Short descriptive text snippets
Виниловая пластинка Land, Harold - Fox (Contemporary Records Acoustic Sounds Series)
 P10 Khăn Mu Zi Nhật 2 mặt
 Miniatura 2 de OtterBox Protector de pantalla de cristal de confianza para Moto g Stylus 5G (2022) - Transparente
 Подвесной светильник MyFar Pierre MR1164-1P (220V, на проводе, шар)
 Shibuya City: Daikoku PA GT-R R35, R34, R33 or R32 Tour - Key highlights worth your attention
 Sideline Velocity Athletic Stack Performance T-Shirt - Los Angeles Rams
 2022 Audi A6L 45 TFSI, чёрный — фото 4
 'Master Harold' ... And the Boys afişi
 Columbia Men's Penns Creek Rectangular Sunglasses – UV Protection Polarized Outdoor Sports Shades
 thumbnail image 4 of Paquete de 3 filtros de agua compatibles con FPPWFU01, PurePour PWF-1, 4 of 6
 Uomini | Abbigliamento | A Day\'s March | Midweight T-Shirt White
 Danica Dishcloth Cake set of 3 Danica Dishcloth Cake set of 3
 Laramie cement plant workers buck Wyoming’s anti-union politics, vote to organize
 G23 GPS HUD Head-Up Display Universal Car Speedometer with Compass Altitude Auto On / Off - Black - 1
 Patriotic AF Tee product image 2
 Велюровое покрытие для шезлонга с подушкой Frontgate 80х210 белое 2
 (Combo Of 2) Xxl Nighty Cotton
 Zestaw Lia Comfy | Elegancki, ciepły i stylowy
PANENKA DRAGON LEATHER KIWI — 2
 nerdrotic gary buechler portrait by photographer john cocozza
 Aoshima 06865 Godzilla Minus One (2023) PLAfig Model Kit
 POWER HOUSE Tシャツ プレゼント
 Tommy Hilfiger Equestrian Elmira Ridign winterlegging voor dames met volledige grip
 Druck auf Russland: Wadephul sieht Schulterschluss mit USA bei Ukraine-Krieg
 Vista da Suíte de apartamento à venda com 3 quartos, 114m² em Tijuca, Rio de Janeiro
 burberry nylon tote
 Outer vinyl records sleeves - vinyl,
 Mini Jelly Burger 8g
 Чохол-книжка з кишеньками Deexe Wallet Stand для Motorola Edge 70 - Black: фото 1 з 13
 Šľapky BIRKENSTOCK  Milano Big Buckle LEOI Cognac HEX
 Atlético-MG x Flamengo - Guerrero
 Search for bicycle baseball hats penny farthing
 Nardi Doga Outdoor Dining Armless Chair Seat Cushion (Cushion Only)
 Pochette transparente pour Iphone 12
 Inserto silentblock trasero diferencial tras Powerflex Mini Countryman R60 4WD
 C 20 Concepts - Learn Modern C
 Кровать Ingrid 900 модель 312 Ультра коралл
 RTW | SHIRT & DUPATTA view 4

** Exercise directions **
Print exactly the lines above, starting at the line that contains "Search for bicycle" and ending with the last line of the records, both included.

** Answer to this task **
 Search for bicycle baseball hats penny farthing
 Nardi Doga Outdoor Dining Armless Chair Seat Cushion (Cushion Only)
 Pochette transparente pour Iphone 12
 Inserto silentblock trasero diferencial tras Powerflex Mini Countryman R60 4WD
 C 20 Concepts - Learn Modern C
 Кровать Ingrid 900 модель 312 Ультра коралл
 RTW | SHIRT & DUPATTA view 4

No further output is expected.